PROBLEM DETAILS: Would you repeat the listing below exactly, with no pictures in it?

PROVIDED MATERIAL:
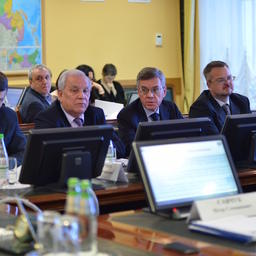 Президент ВАРПЭ Герман ЗВЕРЕВ принял участие в заседании совета директоров отраслевых НИИ. Фото с сайта ассоциации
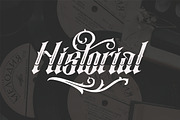 Konstan Tatto Font, a Blackletter Font by Flawless And Co (Thumbnail 3 of 12)
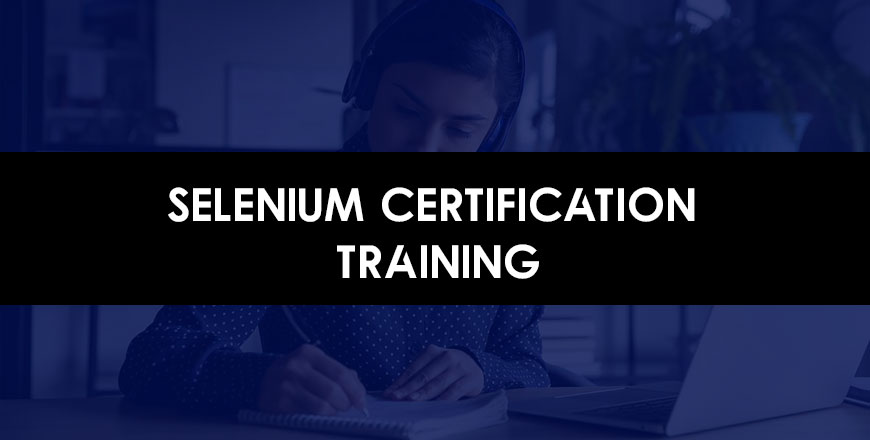 Selenium-Certification-Training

RESPONSE TO THIS TASK:
 Президент ВАРПЭ Герман ЗВЕРЕВ принял участие в заседании совета директоров отраслевых НИИ. Фото с сайта ассоциации
 Konstan Tatto Font, a Blackletter Font by Flawless And Co (Thumbnail 3 of 12)
 Selenium-Certification-Training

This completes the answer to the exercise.